Exercise requirements ▸
With the material below, print exactly the lines between the line holding "Príncipe Harry y" and the line holding "Curso completo de dibujo caricatura", inclusive. Add nothing else.

Task inputs ▸

------------------------------------------------

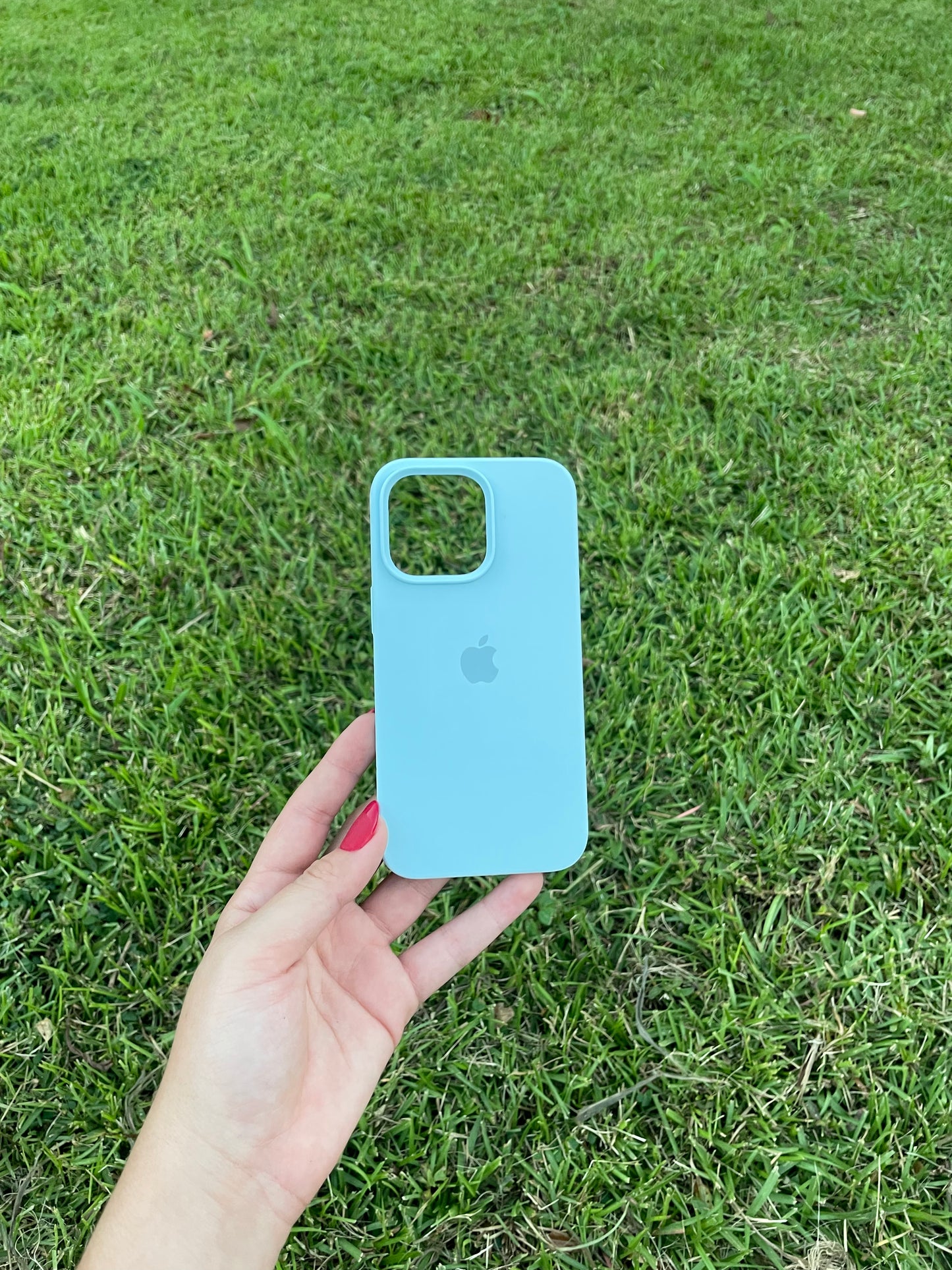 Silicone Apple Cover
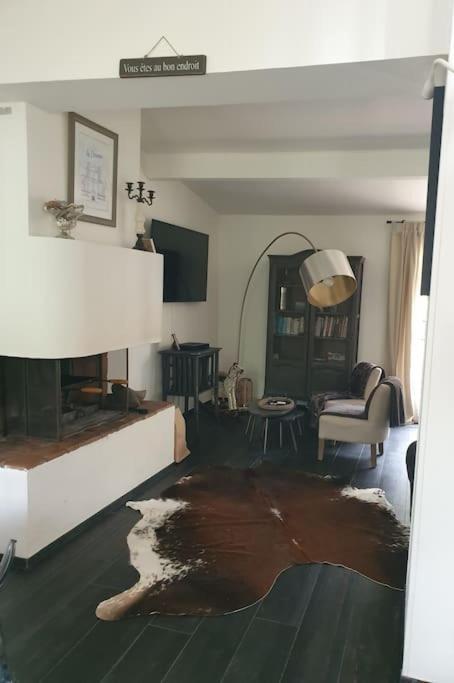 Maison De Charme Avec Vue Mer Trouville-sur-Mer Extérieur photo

------------------------------------------------

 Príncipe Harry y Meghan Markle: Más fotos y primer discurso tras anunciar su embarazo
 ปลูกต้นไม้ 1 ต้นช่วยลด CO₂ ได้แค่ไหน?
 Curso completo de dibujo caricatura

------------------------------------------------

Result ▸
 Príncipe Harry y Meghan Markle: Más fotos y primer discurso tras anunciar su embarazo
 ปลูกต้นไม้ 1 ต้นช่วยลด CO₂ ได้แค่ไหน?
 Curso completo de dibujo caricatura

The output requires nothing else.